Challenge: Yukio Mishima's coup works

archaeogeek

Banned
POD is too late, character is badly chosen.
Mishima, from what his friend seems to have believed, didn't consider his coup had any chance to succeed, it was an excuse to suicide.
 
Here's the best I got.

When the Republicans take back control of Congress in 1946, isolationist forces prevail rather than the internationalists, and they gut American occupational spending in Japan. The situation deteriorates there, with Japanese Communists growing in number and influence, and though both Truman and MacArthur call for back up from the Congress, it never arrives. Bob Taft defeats Truman in 1948 and finishes pulling American troops out of Japan, which is returned to local governance in 1950.
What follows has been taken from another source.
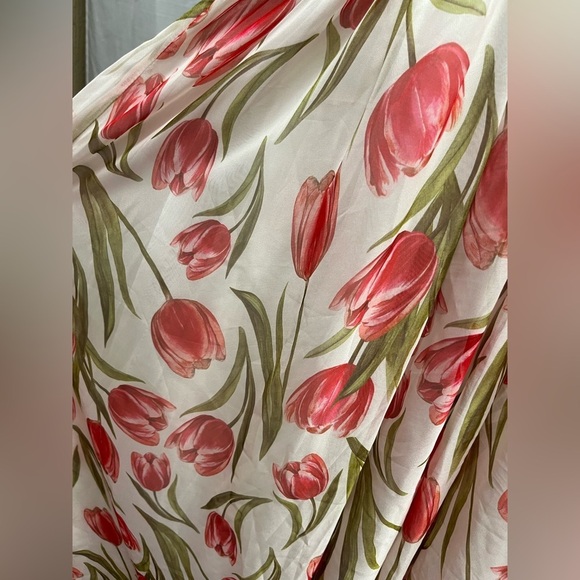 Fehaute Pink Pleated Floral Chiffon Halter Sleeveless A-Line Maxi Dress NWT | 10 - Picture 3 of 10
A General Election brings the Japan Socialist Party to power, though its left flank and communist agitation keeps it from governing well, allowing the conservative forces to regain control, although with little precious support from the country, which is still largely poor and starving thanks to a generous lack of infrastructure. While the conservatives heavily invest in infrastructure and try to bring the economy back on a stable footing, they are unable to defeat the growing Japanese Communist Party, which organizes within the labor movement and other sectors, such as the agricultural sector. Intellectuals join in the fray in the sixties, when, as an economic shock sends the Japanese economy into a spiral, the campuses and factories revolt.

The Japanese Revolution of 1968 spirals out of control quickly, with various communes established in major cities and with the Japanese Self Defense Forces doing their best to maintain order. A state of emergency is declared, though the incumbent government is largely seen as impotent to protect the nation from the growing unrest and the activity of the commune governments.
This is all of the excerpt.